2025-11-19 Papers

1/2

Paper 1

Souper-Model: How Simple Arithmetic Unlocks State-of-the-Art LLM Performance

Published: 2025-11-17

Link: http://arxiv.org/pdf/2511.13254

1. 📘 Topic and Domain: Model souping (averaging weights from multiple language models) to enhance LLM performance without expensive retraining.

2. 💡 Previous Research and New Ideas: Based on previous uniform model weight averaging research, proposes new non-uniform weighted averaging based on benchmark category performance patterns.

3. ❓ Problem: Current LLM training is resource-intensive and time-consuming, requiring massive compute power and careful orchestration of training procedures.

4. 🛠️ Methods: Introduces Soup Of Category Experts (SoCE), which identifies expert models for weakly-correlated benchmark categories and combines them using optimized weighted averaging.

5. 📊 Results and Evaluation: Achieved state-of-the-art results on Berkeley Function Calling Leaderboard, with 80.68% accuracy for 70B models and 76.50% for 8B models, while showing consistent improvements across multilingual capabilities, tool calling, and math benchmarks.

Souper-Model: How Simple Arithmetic Unlocks State-of-the-Art LLM Performance

1/2

Paper 2

AraLingBench A Human-Annotated Benchmark for Evaluating Arabic Linguistic Capabilities of Large Language Models

Published: 2025-11-18

Link: http://arxiv.org/pdf/2511.14295

1. 📘 Topic and Domain: The paper introduces AraLingBench, a human-annotated benchmark for evaluating Arabic language models' linguistic capabilities across grammar, morphology, spelling, reading comprehension, and syntax.

2. 💡 Previous Research and New Ideas: Previous research focused on knowledge-based benchmarks like BALSAM and CamelEval, while this paper proposes the first benchmark specifically targeting core linguistic competence rather than factual recall.

3. ❓ Problem: The paper addresses the lack of systematic evaluation methods for assessing true linguistic understanding in Arabic language models, as existing benchmarks focus mainly on knowledge and reasoning tasks.

4. 🛠️ Methods: The authors created 150 expert-designed multiple-choice questions across five linguistic categories, with rigorous quality control through expert validation and difficulty annotation, then evaluated 35 Arabic and bilingual LLMs.

5. 📊 Results and Evaluation: The evaluation revealed that current models show strong surface-level proficiency (74% accuracy for top models) but struggle with deeper grammatical and syntactic reasoning, with performance varying significantly across linguistic categories and difficulty levels.

AraLingBench A Human-Annotated Benchmark for Evaluating Arabic Linguistic Capabilities of Large Language Models

1/2

Paper 3

MiroThinker: Pushing the Performance Boundaries of Open-Source Research Agents via Model, Context, and Interactive Scaling

Published: 2025-11-14

Link: http://arxiv.org/pdf/2511.11793

1. 📘 Topic and Domain: Research on an open-source research agent (MiroThinker) focused on advancing tool-augmented reasoning and information-seeking capabilities in AI language models.
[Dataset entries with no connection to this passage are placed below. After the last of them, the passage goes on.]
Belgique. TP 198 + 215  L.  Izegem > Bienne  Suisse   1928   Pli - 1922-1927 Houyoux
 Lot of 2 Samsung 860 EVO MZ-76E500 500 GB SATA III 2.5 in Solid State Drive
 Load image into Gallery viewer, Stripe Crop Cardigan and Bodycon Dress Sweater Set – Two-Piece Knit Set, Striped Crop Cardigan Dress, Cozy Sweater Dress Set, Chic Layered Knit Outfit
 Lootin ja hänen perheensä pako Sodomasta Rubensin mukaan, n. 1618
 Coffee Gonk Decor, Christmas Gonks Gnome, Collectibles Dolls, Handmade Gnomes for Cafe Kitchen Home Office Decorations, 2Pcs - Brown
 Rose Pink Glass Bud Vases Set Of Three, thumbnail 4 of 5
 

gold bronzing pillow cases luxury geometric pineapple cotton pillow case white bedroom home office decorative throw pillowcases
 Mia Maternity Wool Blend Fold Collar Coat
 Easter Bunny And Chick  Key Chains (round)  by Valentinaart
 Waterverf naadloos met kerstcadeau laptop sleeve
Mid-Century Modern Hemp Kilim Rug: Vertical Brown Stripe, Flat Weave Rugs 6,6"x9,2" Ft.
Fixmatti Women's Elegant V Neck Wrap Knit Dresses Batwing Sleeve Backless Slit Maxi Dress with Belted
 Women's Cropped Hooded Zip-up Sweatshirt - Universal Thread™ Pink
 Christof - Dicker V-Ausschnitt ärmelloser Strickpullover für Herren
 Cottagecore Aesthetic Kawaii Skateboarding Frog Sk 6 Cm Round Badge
2. 💡 Previous Research and New Ideas: Based on previous agent foundation models and deep research models, introduces "interactive scaling" as a third dimension of performance improvement alongside model size and context length.

3. ❓ Problem: The performance gap between open-source and proprietary research agents, particularly in handling complex research tasks requiring deep reasoning and tool use.

4. 🛠️ Methods: Implements a three-stage training pipeline: supervised fine-tuning, preference optimization, and reinforcement learning, combined with a 256K context window supporting up to 600 tool calls per task.

5. 📊 Results and Evaluation: Achieves state-of-the-art performance among open-source research agents across multiple benchmarks (GAIA: 81.9%, HLE: 37.7%, BrowseComp: 47.1%, BrowseComp-ZH: 55.6%), approaching commercial counterparts like GPT-5-high.